WORK TASK:
Return all entries word for word, but drop any images.

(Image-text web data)
################

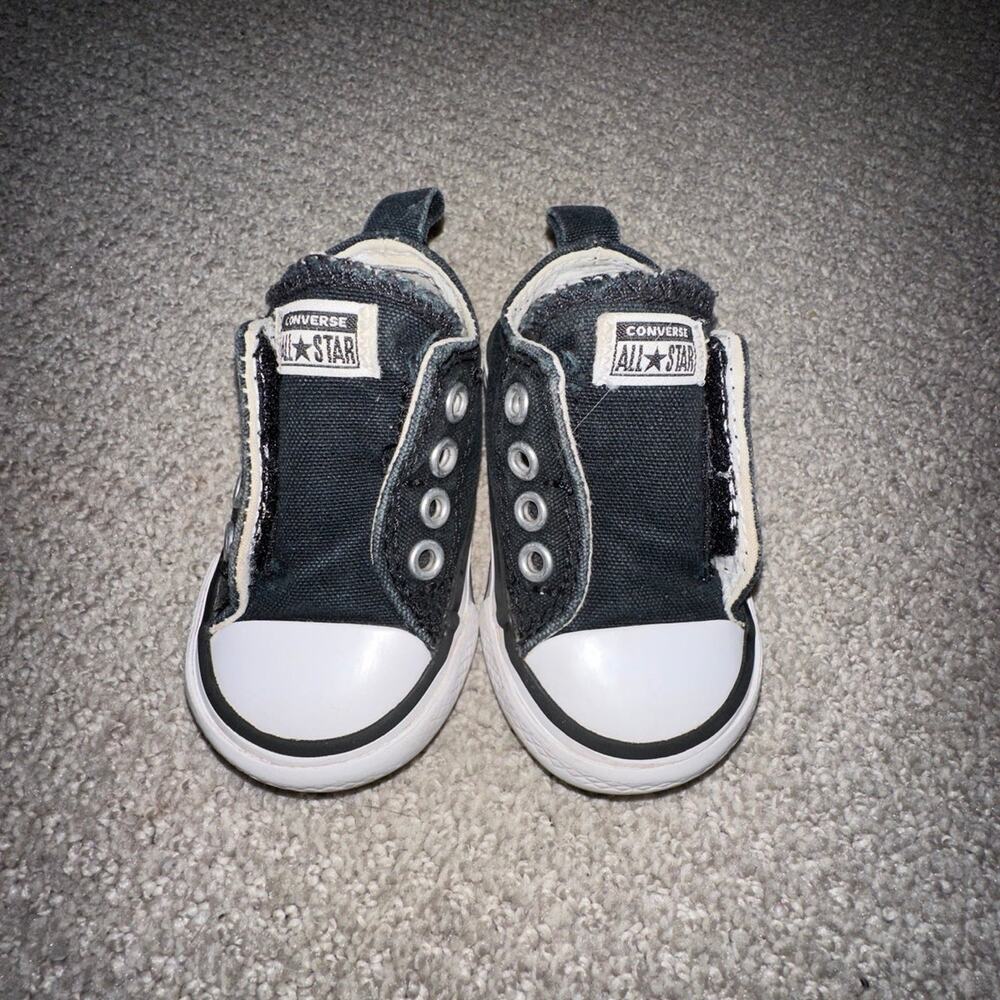 Baby Converse Size 3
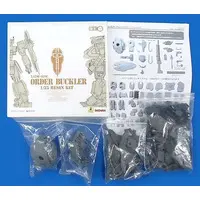1/35 Scale Model Kit - Armored Trooper Votoms / Order Buckler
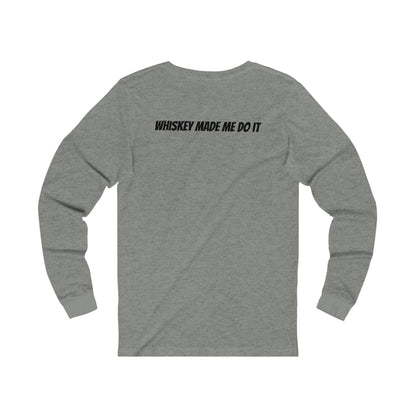 Unisex Jersey Long Sleeve Tee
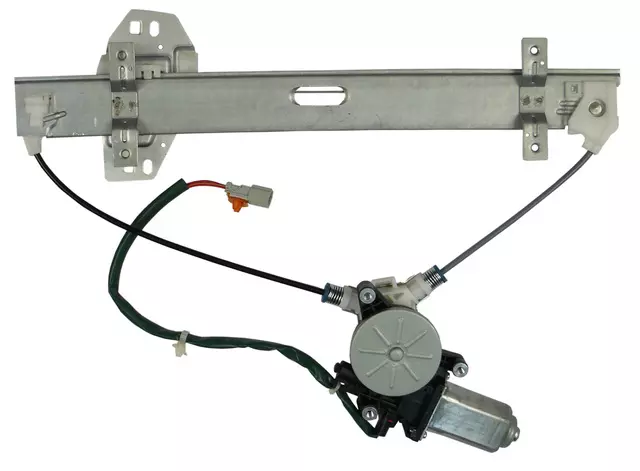 Rear Driver Side Power Window Regulator - ACDelco (11A716)
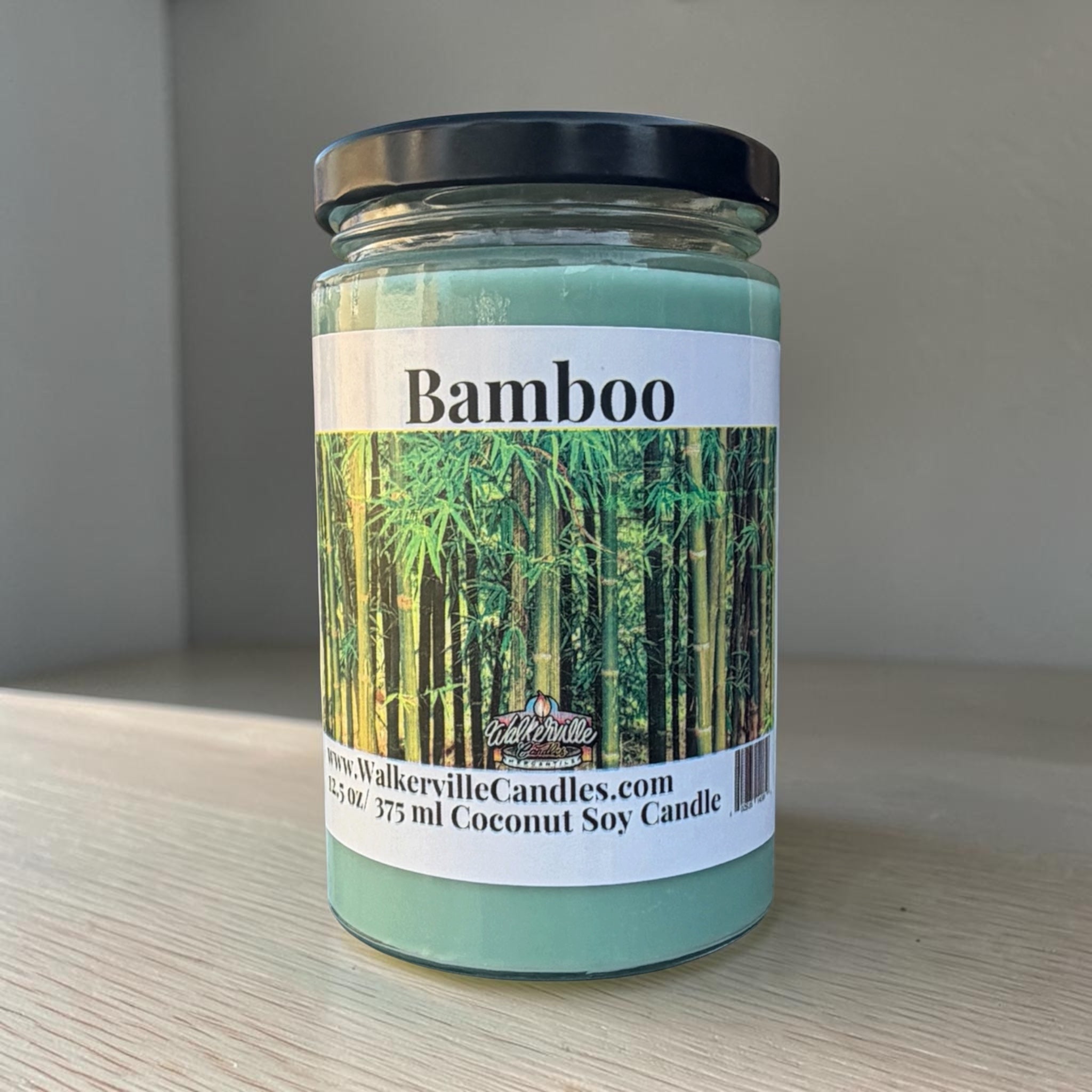 Bamboo Coconut Soy 12.5 oz/ 375 ml Candle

################

REPLY TO THE EXERCISE:
 Baby Converse Size 3
1/35 Scale Model Kit - Armored Trooper Votoms / Order Buckler
 Unisex Jersey Long Sleeve Tee
 Rear Driver Side Power Window Regulator - ACDelco (11A716)
 Bamboo Coconut Soy 12.5 oz/ 375 ml Candle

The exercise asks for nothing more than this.